Bir Siyaset Bilimci olarak analizim şudur; Yerel kendi içimizden bir milletvekilimiz olmadığı için T.B.M.M' de temsil edilmiyor, meclisin yolunu bile bilmiyoruz. Başkent'imizde üst düzey doğru düzgün bürokratlarımız yok. Hemşerilerimizin tercih ettikleri meslek guruplarına bakılırsa hizmet sektöründe, temizlik işçisi, özel güvenlik personeli, taksi, minibüs şoförü, pazarcı esnafı vs..

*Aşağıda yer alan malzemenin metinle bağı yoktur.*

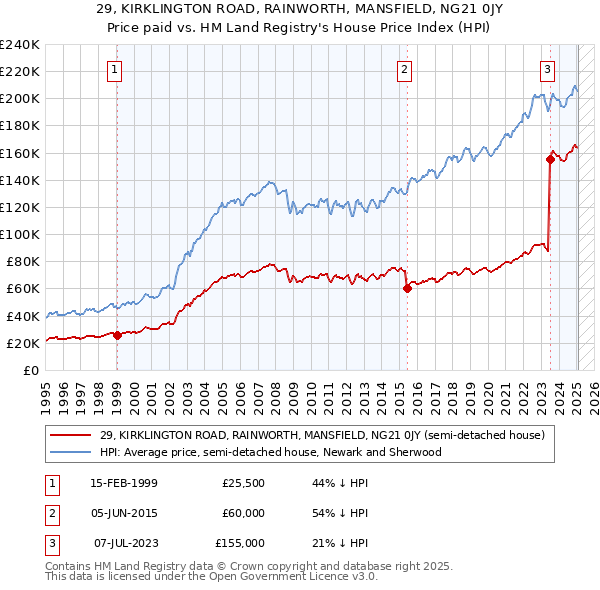 29, KIRKLINGTON ROAD, RAINWORTH, MANSFIELD, NG21 0JY: Price paid vs HM Land Registry's House Price Index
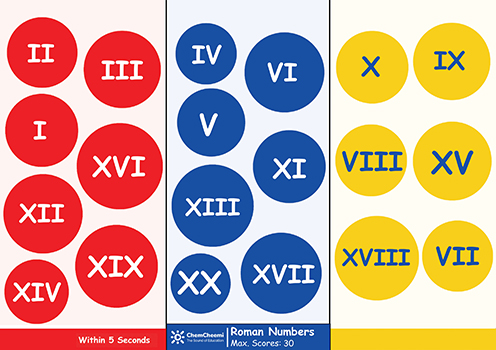 Roman Numbers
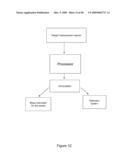 Control of Body Fluid Condition Using Diuretics, Based on Weight Measurement diagram and image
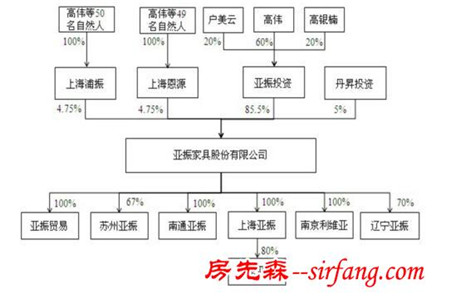 证监会核准14家企业首发申请 亚振家具拟上交所上市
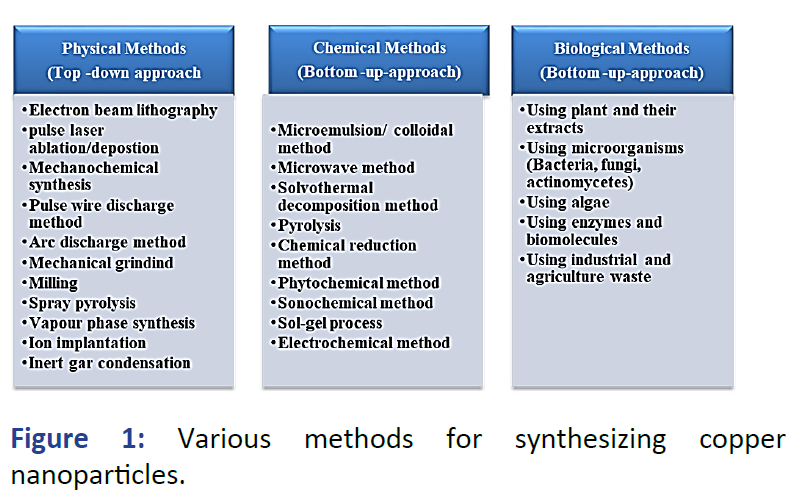 Applied-Research-nanoparticles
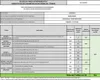 A document showing a repairability index calculation for a dishwasher. Voir les images du produit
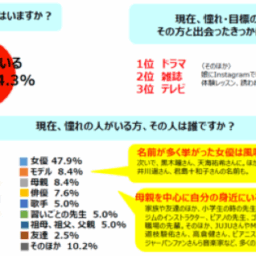 アンケート結果
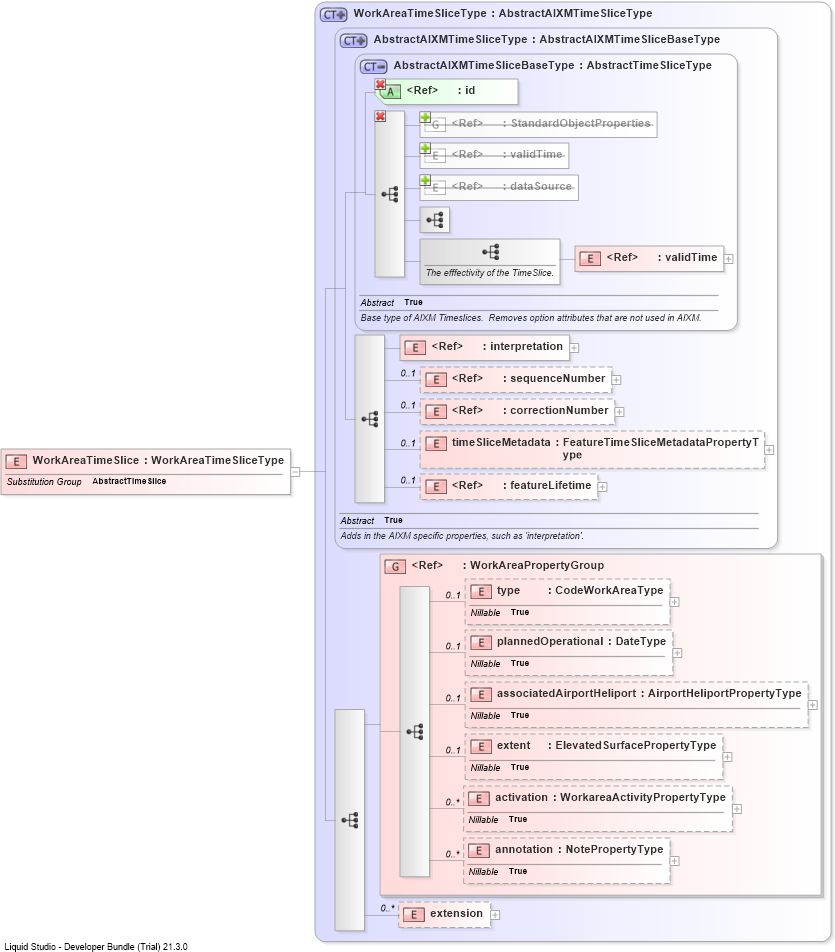 XSD Diagram of WorkAreaTimeSlice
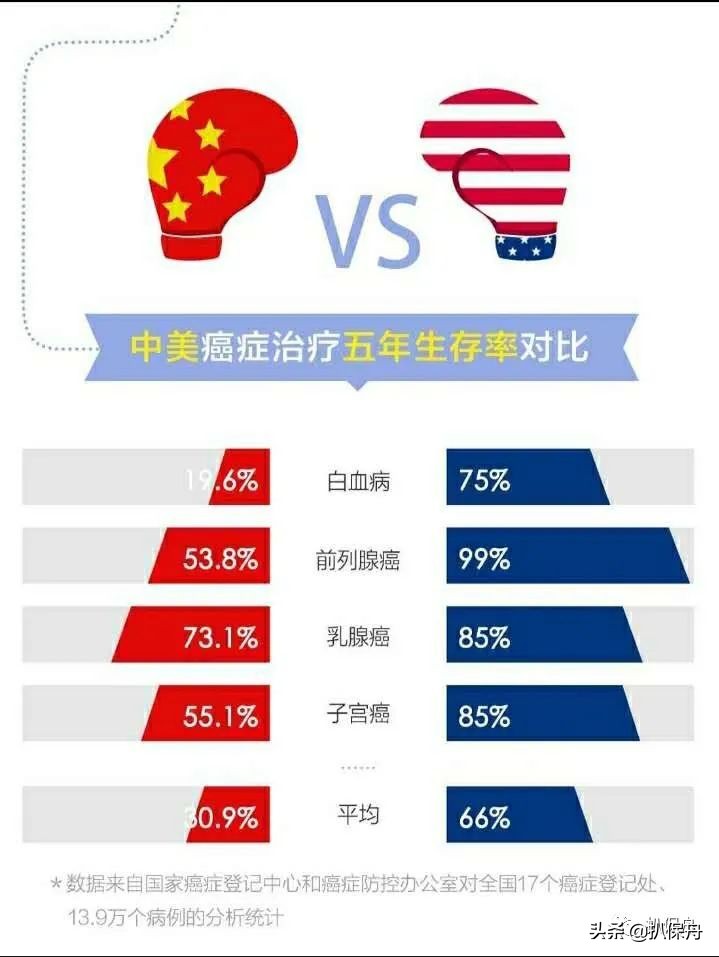 如何买到适合自己的医疗险,如何正确选择商业医疗险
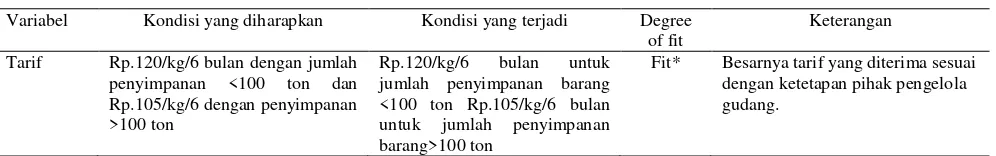 Tabel 3.4. Pelaksanaan Kesesuaian Mutu Komoditas Program SRG  PT. Pertani (Persero) Cabang NTB di Kecamatan Kediri 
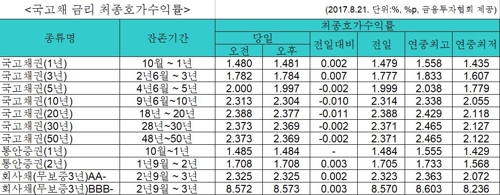 국고채 금리 혼조…3년물 연 1.784% - 1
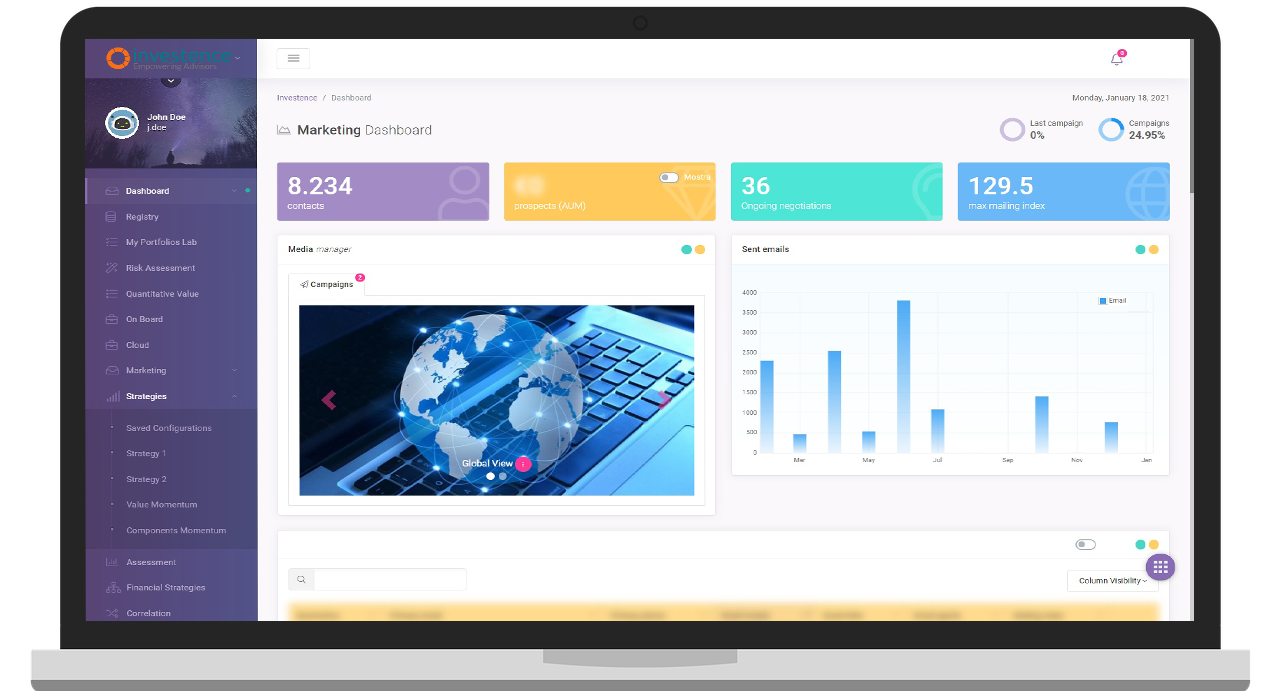 crm dashboard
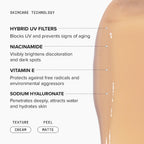 Drmtlgy Matte Universal Tinted Moisturizer Spf 46 – Anti-Aging Tinted Face Sunscreen & Lightweight Makeup With Broad Spectrum Uv Protection – Hydrating Skin Care & Face Moisturizer – 1.7 Oz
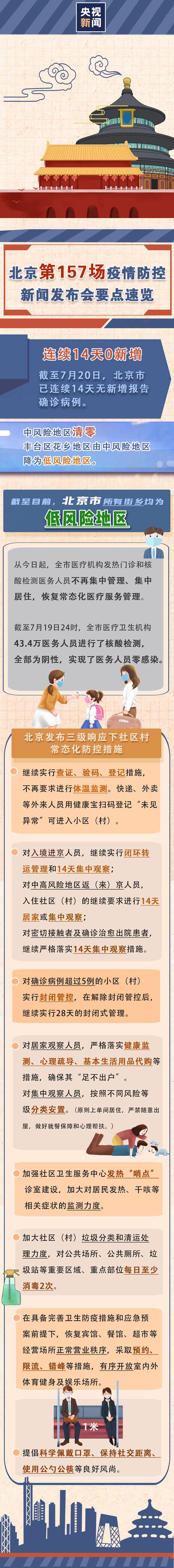 北京疫情的政策-北京疫情最新政策规定-第3张图片 北京疫情的政策-北京疫情最新政策规定-第3张图片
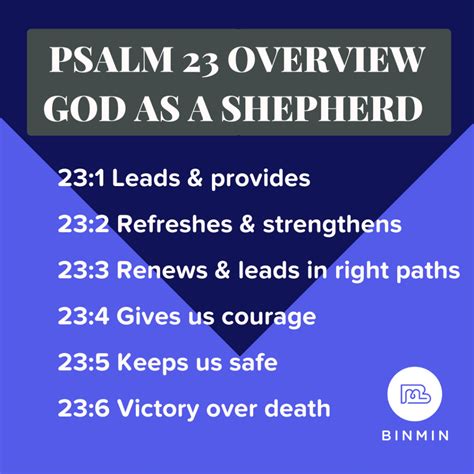 The Meaning of Psalm 23: God is with You Throughout Your Life - Binmin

Üniversite mezunlarımız polis, asker oluyor. Bu meslek guruplarına da ihtiyacımız var ama hedefimiz kısıtlı. Öğrenilmiş çaresizlik sendromu yaşıyoruz. Ufkumuzu geniş tutalım. Çok zeki, akıllı, geleceğimiz gençlerimiz var. Bu gençlerin hayali Ulus’ta nam yapmak. “Haymana'lıyım” kelimesini korku ve bela ile özleştirme arzusu var. Buna televizyon dizi ve sinema filmlerinin de etkisi çok, gençliğimizi iyi eğitip ve öğretmeliyiz. Bu da ailede başlıyor. Haymana'm fırsat verildiğinde Ömer Özkan'ları olan Haymana'm ve nice değerleri olan dünyada ilkleri yaşatabiliriz.. Kültürel zenginliklerimiz ve değerlerimize sahip çıkarak, liderimiz Gazi Mustafa Kemal Paşa’nın bize armağan ettiği demokrasi ışığında, hakkımızı kanun ve hukuk çerçevesinde arayıp sorgulamalıyız. Anayasal hakkımız olan adil ve eşit hizmet haklarının verildiği huzurlu yaşamlar dileyerek sizleri Yüce Allah'a emanet ediyorum, hoşçakalın.